— AIM OF THE TASK —
Would you transcribe the lines running from the one that holds "3種製作NPSS之方法與各種方法對於光輸出之比較圖" to the last line of the records? Leave every picture out.

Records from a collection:
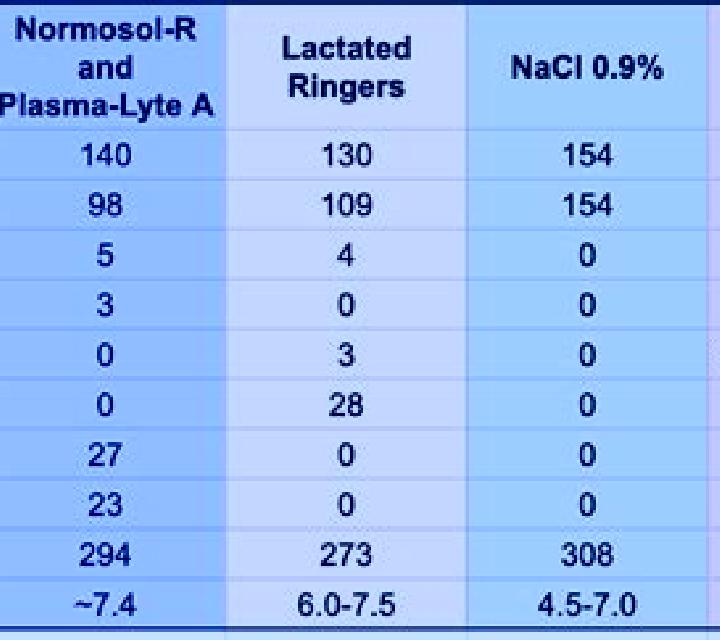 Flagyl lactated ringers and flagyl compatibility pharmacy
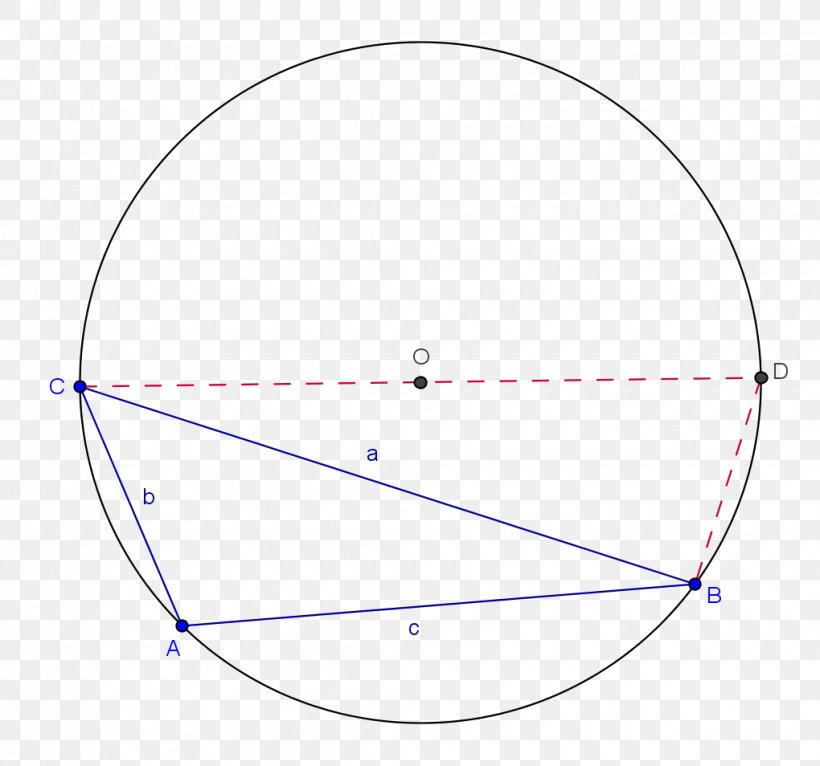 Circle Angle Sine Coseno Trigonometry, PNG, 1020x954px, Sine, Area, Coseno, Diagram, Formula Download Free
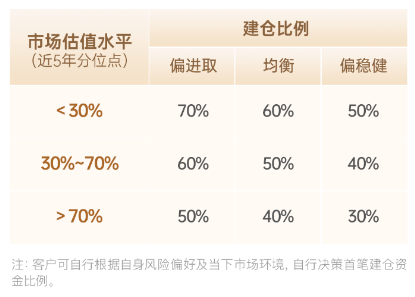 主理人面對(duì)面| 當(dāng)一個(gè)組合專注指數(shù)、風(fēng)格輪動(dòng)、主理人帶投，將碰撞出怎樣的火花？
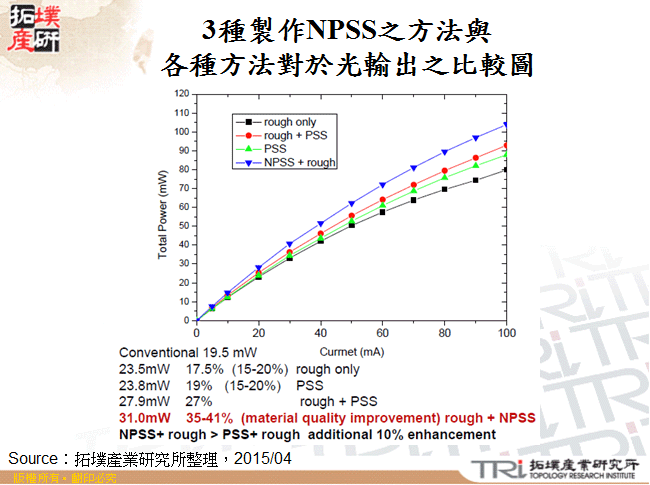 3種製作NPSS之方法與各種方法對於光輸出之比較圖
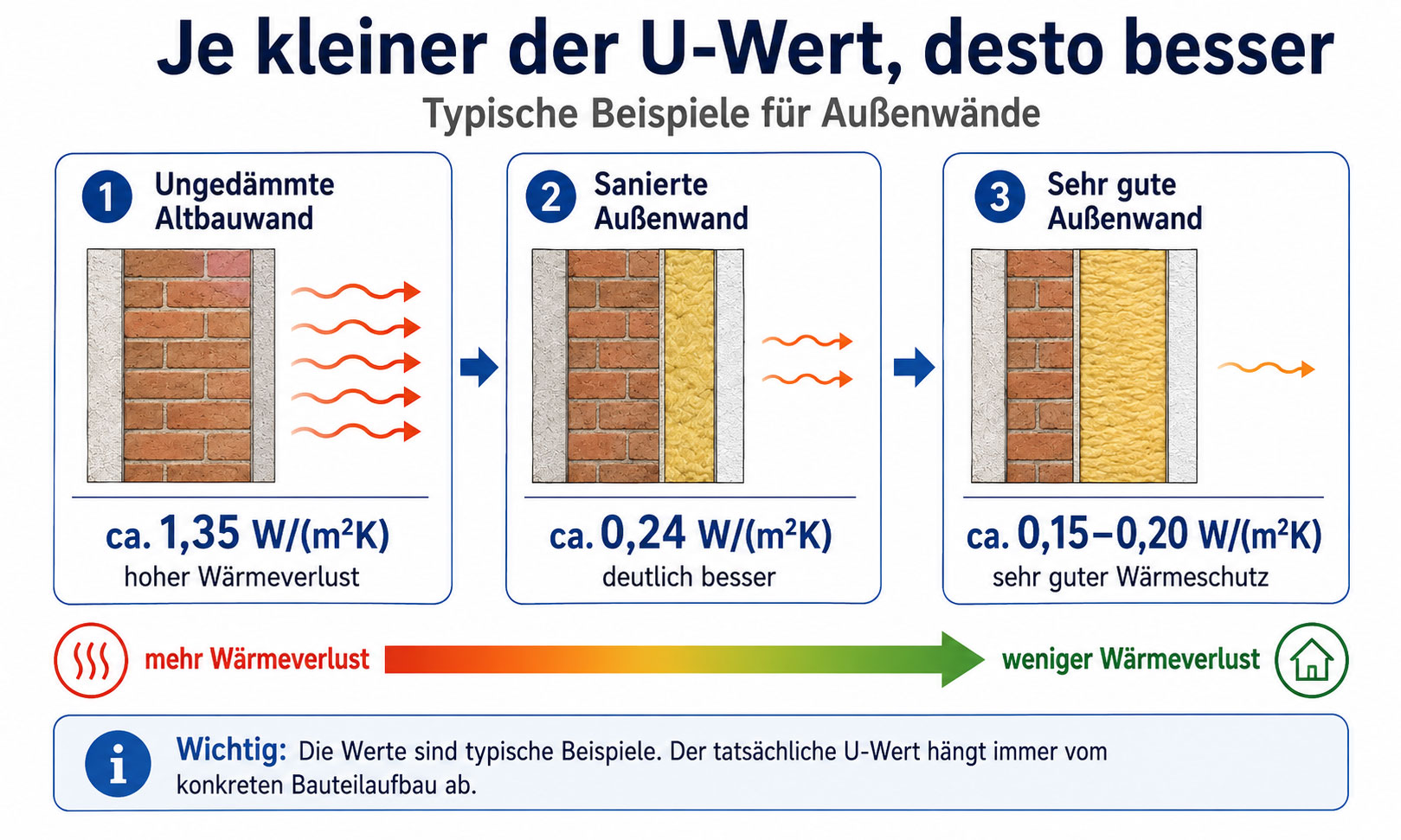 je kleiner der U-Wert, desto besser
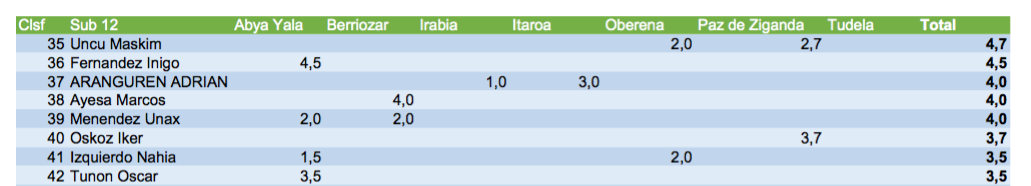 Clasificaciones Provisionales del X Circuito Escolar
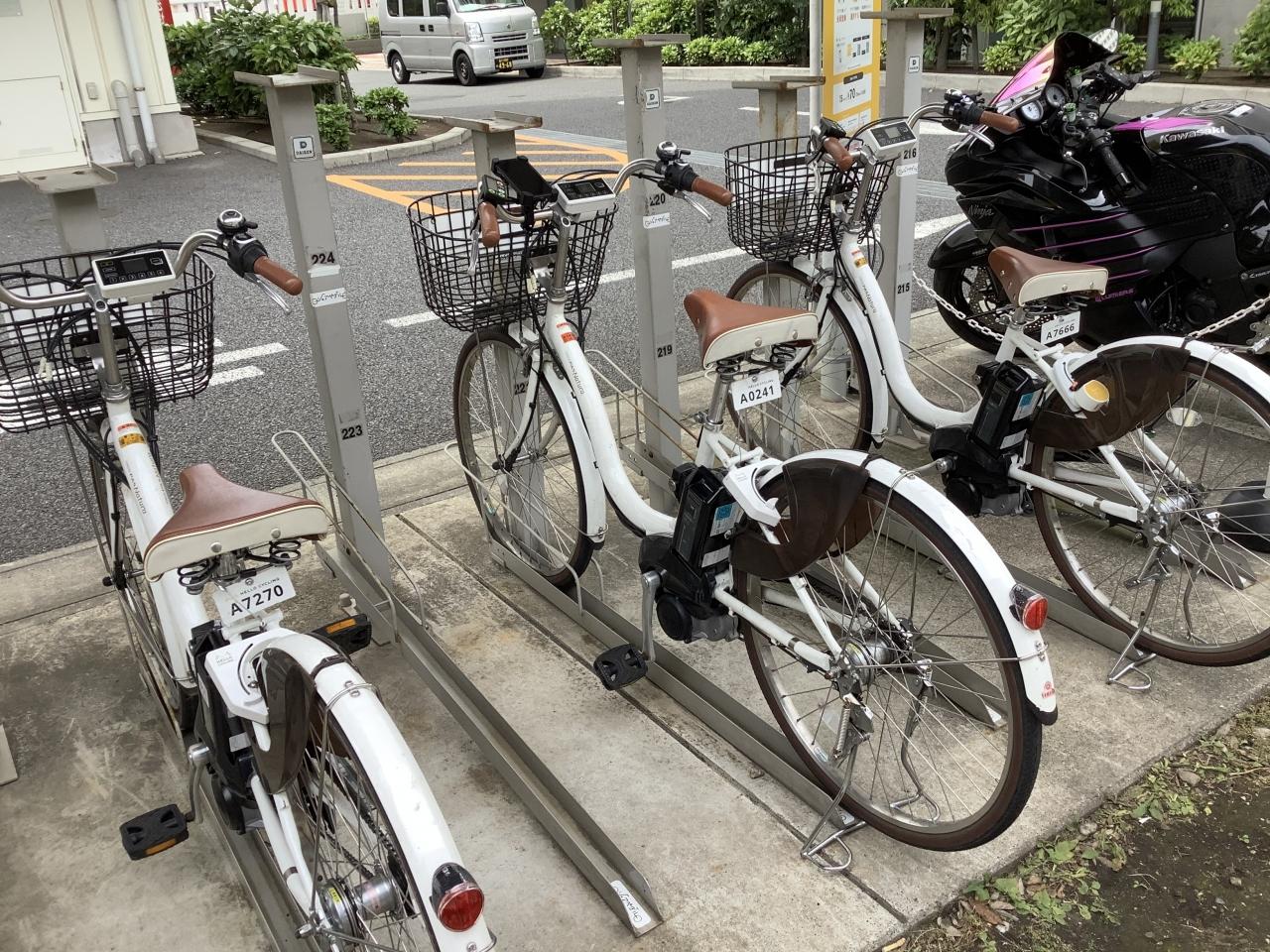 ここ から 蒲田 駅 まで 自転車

— TASK RESPONSE —
 3種製作NPSS之方法與各種方法對於光輸出之比較圖
 je kleiner der U-Wert, desto besser
 Clasificaciones Provisionales del X Circuito Escolar
 ここ から 蒲田 駅 まで 自転車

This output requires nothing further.